So, I think I can understand that we could make a plugin to
do this, but, it seems like a lot more work than just
removing this one ASSERT (which is what this patch does, to
make it work) ?
I suppose I could change this patch to instead manufacture
an actual line termination for the line ending where the
zero was, and then I wouldn't even have to remove the ASSERT
-- you want to keep the ASSERT, correct ?
Logged In: YES
Why to add some workarounds for binary files. We can't
compare or edit them. There are many editor capable of
showing binary files and many binary edit tools. I agree
messagebox for user should be clearer. Unfortunately I
couldn't modify texts or add new texts just before 2.0
release so I used existing one. But it's 2.1 now and all is
possible.
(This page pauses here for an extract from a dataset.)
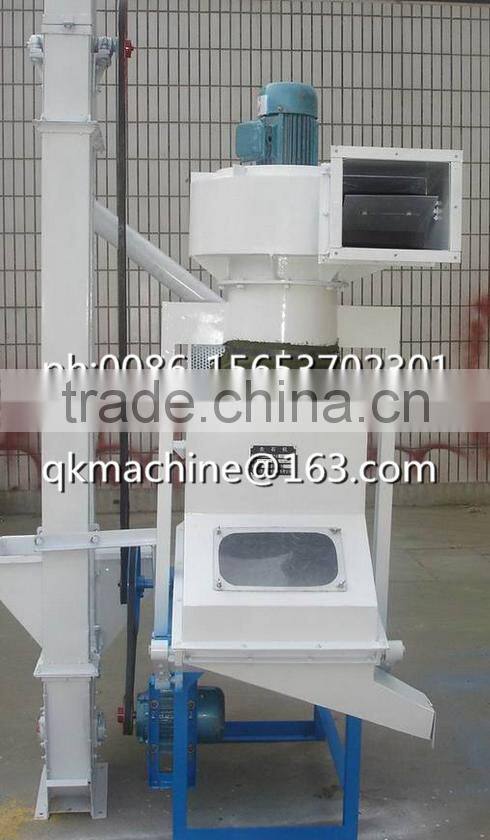 Stone remover/Gravity Grading Stoner/Specific gravity destoner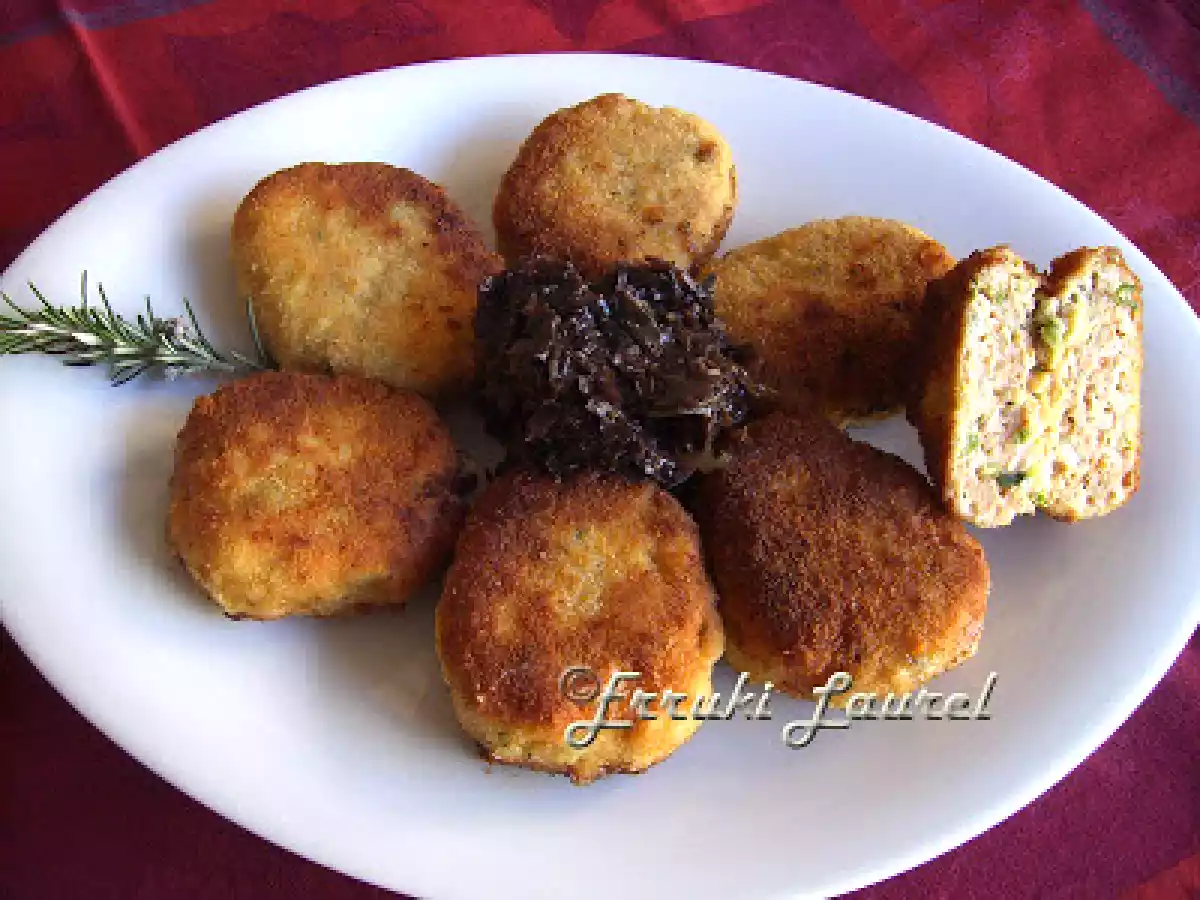 Medallones de pollo empanados - foto 2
Just tell user file cannot be opened because there
are embedded zeroes in it yadda yadda.
Implement real binary view. One nice binary view/edit
control is here:
I wasn't proposing adding a workaround; I was proposing
removing an ASSERT, because we *can* compare binary files,
right now, if they are mostly text -- that is, we can
compare the textual parts fine. At least, so it seems to me,
when I tried it with the sample files I posted for the bug
(but, they are *very* small sample files!)
My basic point is that AFAICT, we actually can compare
binary files right now by treating them as text files. This
is of course only useful if they have text sections, or if
they are largely text.
I do not insist on this however :)
If (as I suspect :)) there is no more discussion on this in
a couple of days, I'll close this as Rejected.
> My basic point is that AFAICT, we actually can compare
> binary files right now by treating them as text files.
Ok. But how useful this half-way binary support really is?
Reliable? If we open door for binary file compares, people
start using it and sending reports about cases it does not
work; we get a lot of bug reports about feature we are not
supporting... Who has time to look for those? For me this is
binary thing (no pun intented): we have real binary file
support or no support.
Hmm. Of course this debends on how we define binary files.
:) Current algorithm searches for zeros.
Lets move this discussion to developer forum. I'll go post
Closing this as Rejected.
Its TTL (time-to-live) field expired :)